La segunda ofensiva se ha desplegado con singular fuerza en los últimos días. Tengo delante un ejemplar del diario El País del jueves 16 de mayo, el día siguiente al de los hechos que se sucedieron en los alrededores del parlamento catalán. Lo más normal que hay en unas páginas inundadas de intoxicación y dobleces es la pastoral sugerencia de que no puede confundirse el todo de un movimiento pacífico con la parte de unos presuntos manifestantes entregados a la violencia. Interpreto esas páginas como una declaración de guerra contra unas gentes que, tras demostrar sobradamente que van en serio y que tienen cuerda para rato, han empezado a resultar inevitablemente molestas.
Creo que en estas horas, y a la vista de lo que recogen varias filmaciones que han corrido por ahí, no hay motivo para la duda en lo que se refiere a la presencia de provocadores policiales en muchas concentraciones y acampadas. Pero, más allá de ello, me resulta imposible dejar de lado lo que ya sabíamos gracias a lo ocurrido al calor de muchas de las manifestaciones que, en los últimos años, han contestado la miseria de la globalización capitalista. Esos lamentables medios de incomunicación que padecemos concentraban su atención en el apedreamiento del escaparate de unos grandes almacenes para, consciente y pundonorosamente, olvidar todo lo demás. Y entre todo lo demás que olvidaban estaba, claro, la violencia constante que caracteriza a los sistemas que padecemos: la de muchos empresarios sobre sus trabajadores, la de tantos varones sobre sus mujeres, la de nuestros policías sobre los sin papeles, la que todos desarrollamos contra la naturaleza y, por dejarlo ahí, la que asume la forma de genuinas guerras de rapiña encaminadas a privar de recursos básicos a los pueblos más pobres. Hoy como ayer este culpable y llamativo olvido merece nuestra repulsa más enérgica, que no podemos hacer otra cosa que trasladar a tantos profesionales del periodismo que, con toda certeza, podrían hacer mucho más de lo que hacen.

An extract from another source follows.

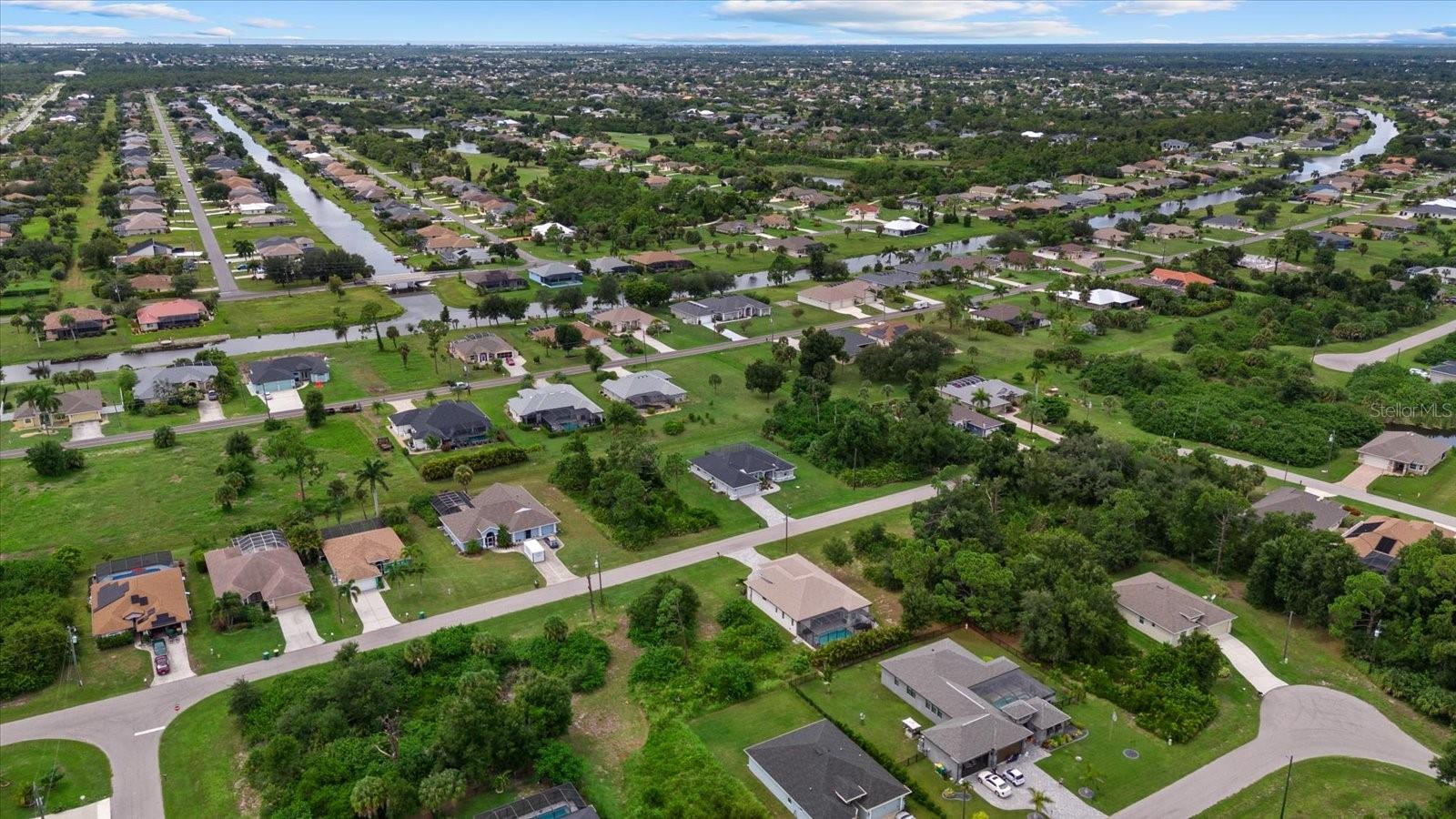 ROTONDA LAKES - Residential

Tengo que prestar atención, por lo demás, a un episodio singular: lo que ocurrió con Cayo Lara, una persona respetable, en la mañana del miércoles 15, con ocasión de una concentración que, en Madrid, permitió frenar un desahucio. El País, el inefable El País, tituló así la noticia correspondiente: ‘Un desahucio menos, una agresión más’. Un indicador sólido del nerviosismo que acosa a los circuitos oficiales lo aporta, por cierto, el hecho de que El País acuda en presunta defensa del coordinador general de Izquierda Unida. Quién te ha visto y quién te ve. Malo es que haya quien prefiera ignorar lo que ocurrió: nadie reprochó a Lara que estuviese presente en la concentración que me ocupa. ¡Faltaría más! Los reproches --y lo que el sistema entiende que es un reprobable acto de violencia: le arrojaron agua al afectado-- surgieron cuando Lara no apreció problema alguno en responder a las preguntas que le realizaban los periodistas. Nuestros dirigentes políticos, incluidos los más sensatos, no parecen percatarse de que las cosas están cambiando rápidamente y de que al militante de a pie --no hay otro-- del movimiento 15-M le repugna que alguien se arrogue la facultad de representarlo. Hay quien dirá, claro, con argumento nada despreciable, que buena parte de la culpa de lo sucedido corresponde, una vez más, a los periodistas, que al parecer sobreentienden que nada de interés pueden decir los ciudadanos comunes y que, de resultas, se impone dar la palabra a un responsable político o a un santón intelectual. La orgullosa vena libertaria del ’no nos representan’ saltó como un resorte afortunado. Y lo hizo de tal manera que no me cabe duda de que Cayo Lara ha tomado buena nota.
Sólo me queda enunciar una firme convicción: la de que también en este terreno nos adentramos en un mundo diferente del que hemos conocido durante demasiados años. Si antes la violencia ejercida contra los movimientos contestatarios poco más provocaba que miedo y retirada, ahora suscita una franca voluntad de cerrar filas en torno a la contestación. Y se convierte en un interesante estímulo para ésta.